# Materials provided:
════════

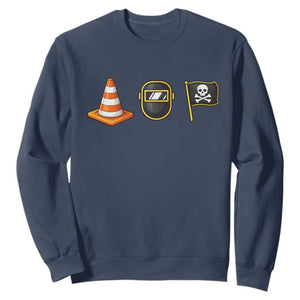 Pittsburgh Victory Icons Rebus Graphic IYKYK Meme Sweatshirt Hoist The Cone Welding Mask Jolly Roger Flag TS02 Navy Print Your Wear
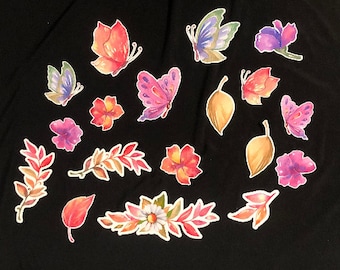 Stryktransfers - Akvarellfjärilar och blommor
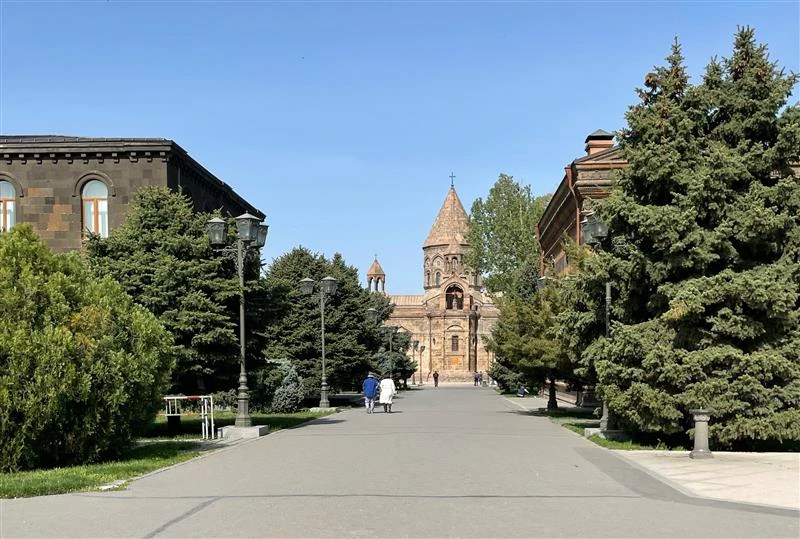 The Etchmiadzin Cathedral, which Armenian literary tradition attests is the oldest church in the country. But Achim Lichtenberger says this "does not mean that Etchmiadzin is younger than the Artaxata church, it only means that the Artaxata church provides earlier archaeological evidence. Therefore we assume that the Artaxata church is the oldest archaeologically attested church in Armenia.” Credit: Madalaine Elhabbal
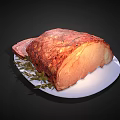 Juicy Roasted Meat Sliced on White Plate with Fresh Rosemary Garnish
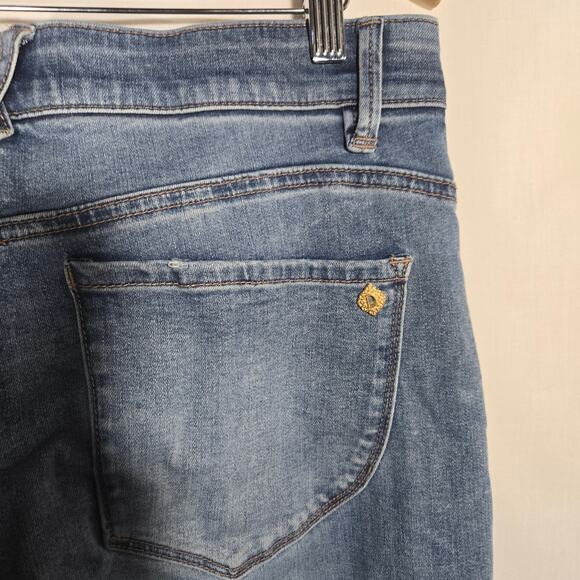 Democracy Ab Tech Wide Leg Jeans Denim 12 High Rise Trendy Elastics Stretch - Picture 7 of 7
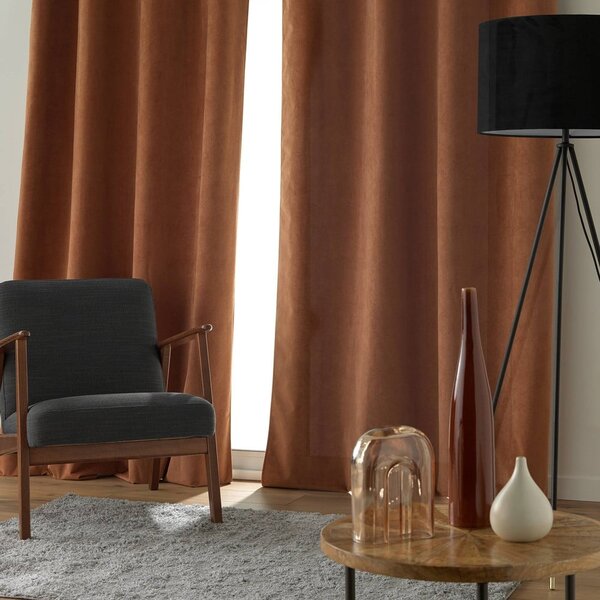 Smeđa zavjesa od samta 140x260 cm Olympe – douceur d'intérieur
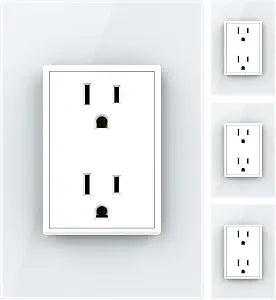 LIVOLO White Duplex Outlet, 15A 110-220V, Tempered Glass, 4-Pack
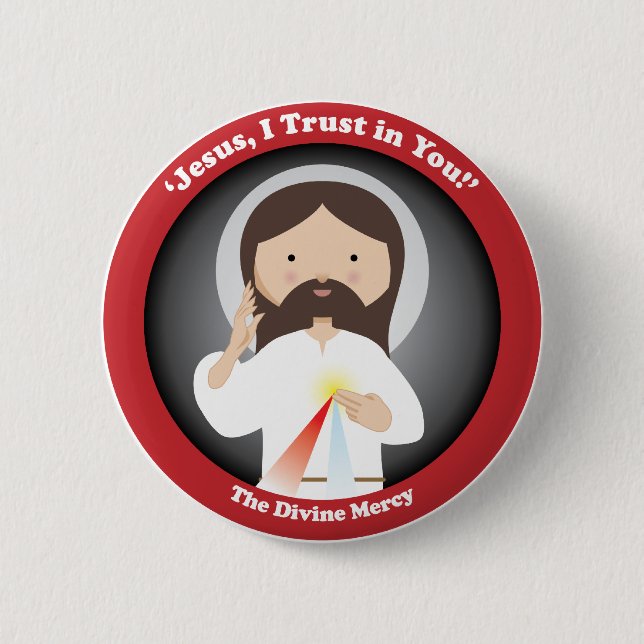 Divine Mercy of Jesus 6 Cm Round Badge (Front)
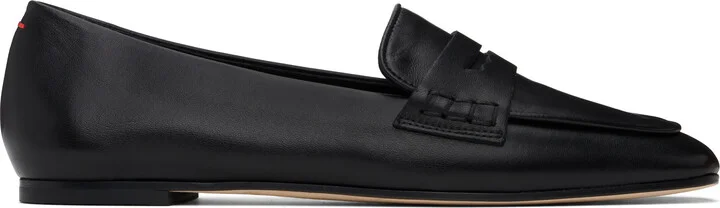 Aeyde Black Alfie Leather Loafers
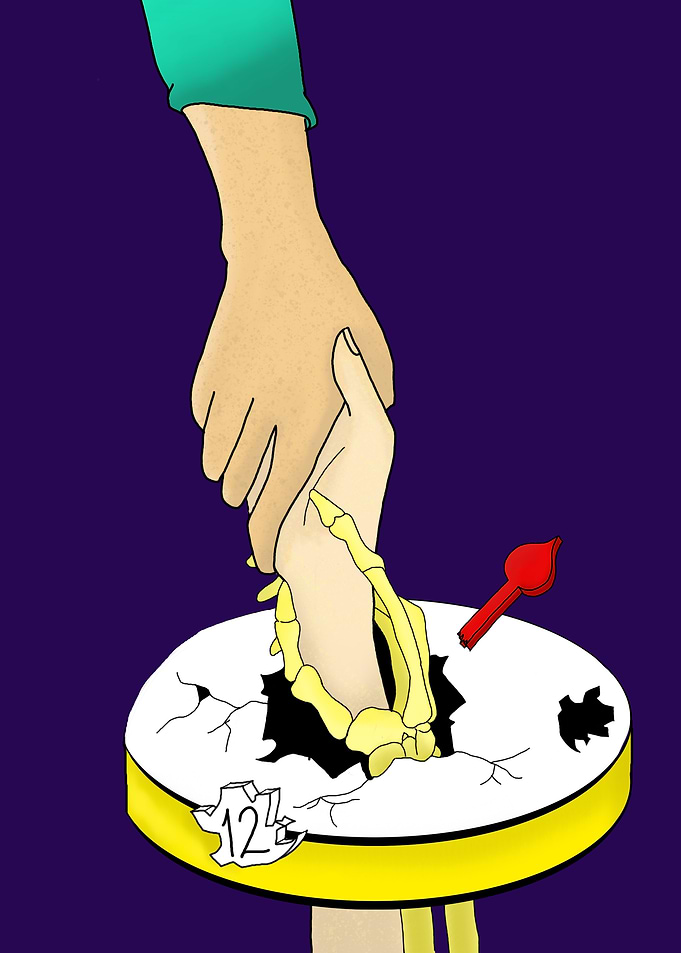 Hands through dead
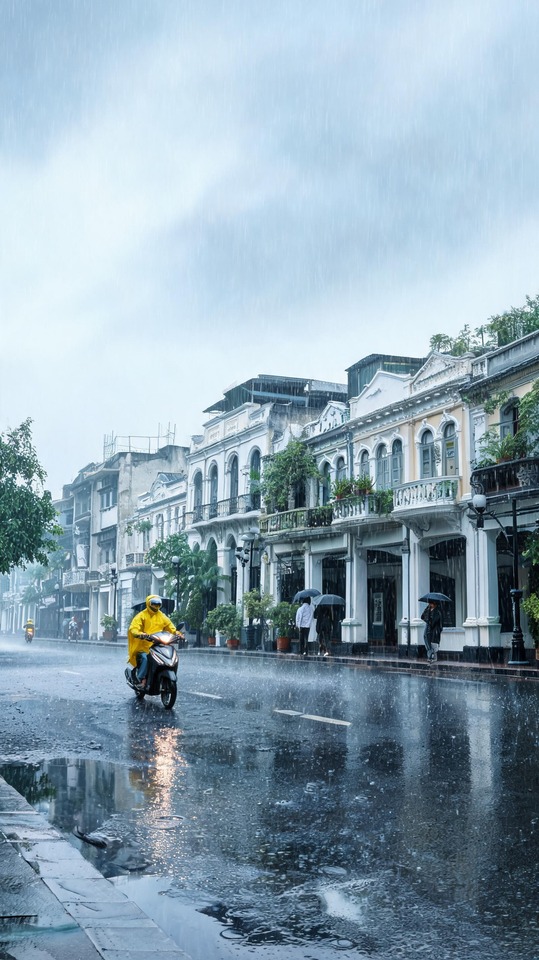 Hanoï sous la pluie thời tiết ngày mai - Arrière-plan 4K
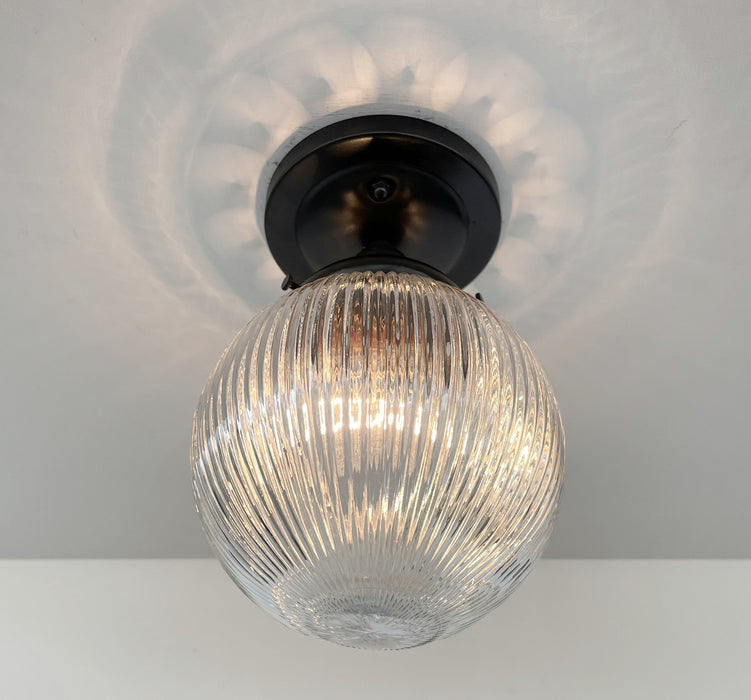 Modern Holophane Glass Ceiling Light - Sweatfully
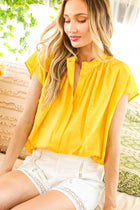Henley Neckline Button Down Short Sleeve Top-White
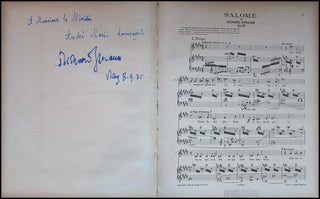 Strauss, Richard. (1864–1949) Salome - SIGNED PRESENTATION SCORE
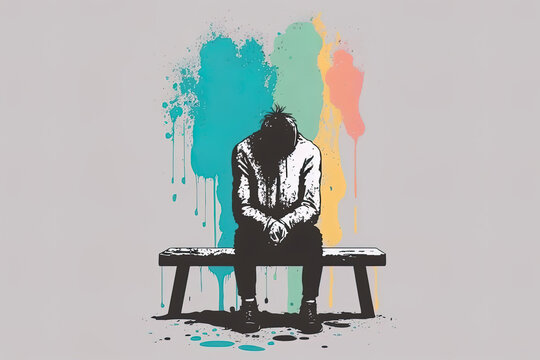 Lonely depressed man sitting on the bench. This illustration represents concept of loneliness, depression, upset, sad and negative thought. Digital illustration generative AI.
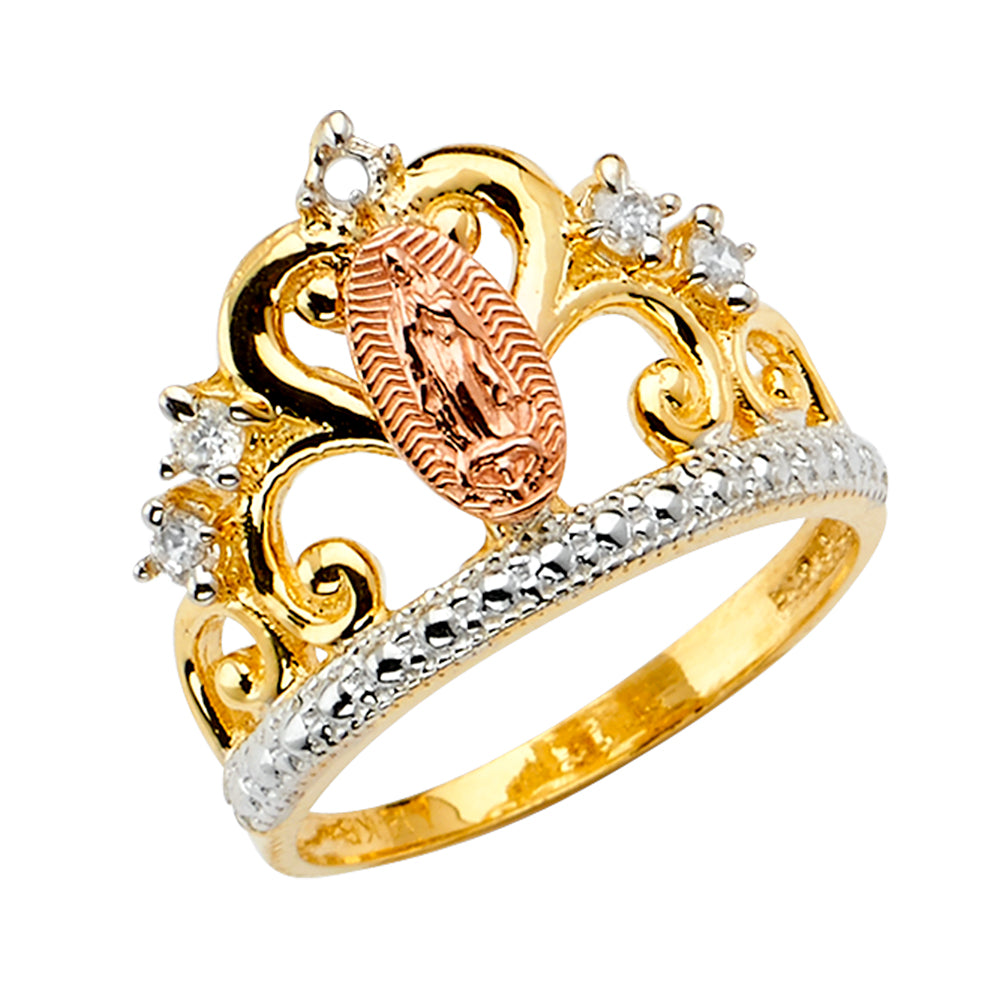 14K Tri-Color Gold Crown Design Our Lady of Guadalupe CZ Women’s Ring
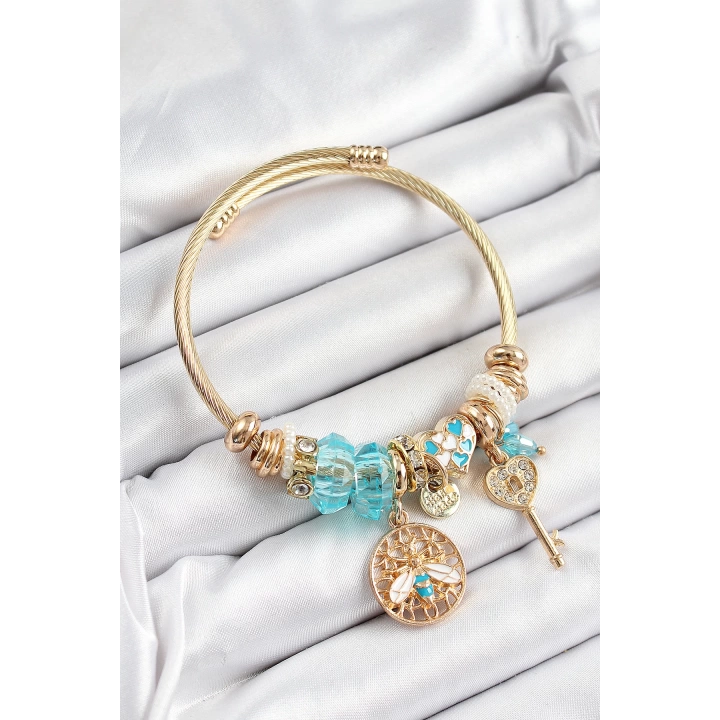 BFS 316L Çelik Mavi Zirkon Taşlı Baykuş Arı Ve Anahtar Model Gold Renk Charm Bileklik
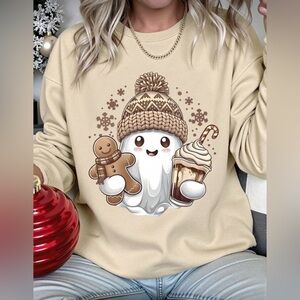Cute Ghost Graphic Sweatshirt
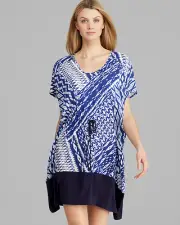 NEW JOSIE BY NATORI SAILOR BLUE IKAT PRINT TUNIC SLEEPSHIRT SZ S SMALL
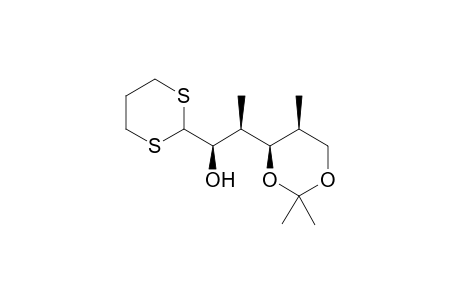 (2R,3R,4R,5S)-3,5-Dimethyl-2-hydroxy-4,6-isopropylidenedioxyhexanal trimethylene dithioacetal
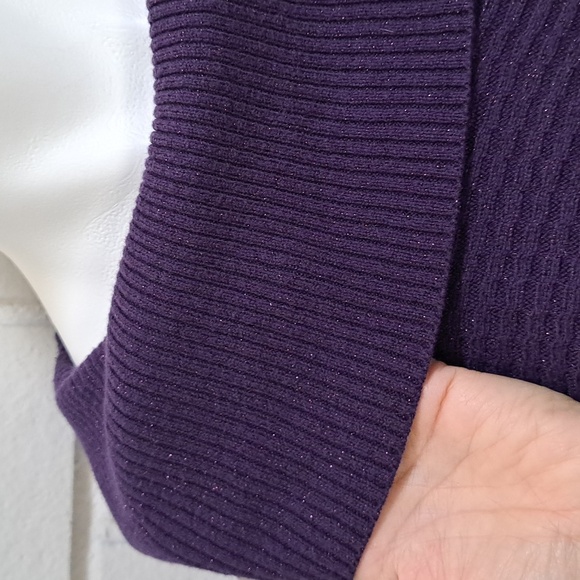 Alfani Purple Shimmer Off The Sholder Sweater Dress. Size Small - Picture 7 of 10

════════

# Brief:
Transcribe the full listing exactly, but keep every image out of it.

# Result of this exercise:
 Pittsburgh Victory Icons Rebus Graphic IYKYK Meme Sweatshirt Hoist The Cone Welding Mask Jolly Roger Flag TS02 Navy Print Your Wear
 Stryktransfers - Akvarellfjärilar och blommor
 The Etchmiadzin Cathedral, which Armenian literary tradition attests is the oldest church in the country. But Achim Lichtenberger says this "does not mean that Etchmiadzin is younger than the Artaxata church, it only means that the Artaxata church provides earlier archaeological evidence. Therefore we assume that the Artaxata church is the oldest archaeologically attested church in Armenia.” Credit: Madalaine Elhabbal
 Juicy Roasted Meat Sliced on White Plate with Fresh Rosemary Garnish
 Democracy Ab Tech Wide Leg Jeans Denim 12 High Rise Trendy Elastics Stretch - Picture 7 of 7
 Smeđa zavjesa od samta 140x260 cm Olympe – douceur d'intérieur
 LIVOLO White Duplex Outlet, 15A 110-220V, Tempered Glass, 4-Pack
 Divine Mercy of Jesus 6 Cm Round Badge (Front)
 Aeyde Black Alfie Leather Loafers
 Hands through dead
 Hanoï sous la pluie thời tiết ngày mai - Arrière-plan 4K
 Modern Holophane Glass Ceiling Light - Sweatfully
Henley Neckline Button Down Short Sleeve Top-White
 Strauss, Richard. (1864–1949) Salome - SIGNED PRESENTATION SCORE
 Lonely depressed man sitting on the bench. This illustration represents concept of loneliness, depression, upset, sad and negative thought. Digital illustration generative AI.
 14K Tri-Color Gold Crown Design Our Lady of Guadalupe CZ Women’s Ring
 BFS 316L Çelik Mavi Zirkon Taşlı Baykuş Arı Ve Anahtar Model Gold Renk Charm Bileklik
Cute Ghost Graphic Sweatshirt
 NEW JOSIE BY NATORI SAILOR BLUE IKAT PRINT TUNIC SLEEPSHIRT SZ S SMALL
 (2R,3R,4R,5S)-3,5-Dimethyl-2-hydroxy-4,6-isopropylidenedioxyhexanal trimethylene dithioacetal
 Alfani Purple Shimmer Off The Sholder Sweater Dress. Size Small - Picture 7 of 10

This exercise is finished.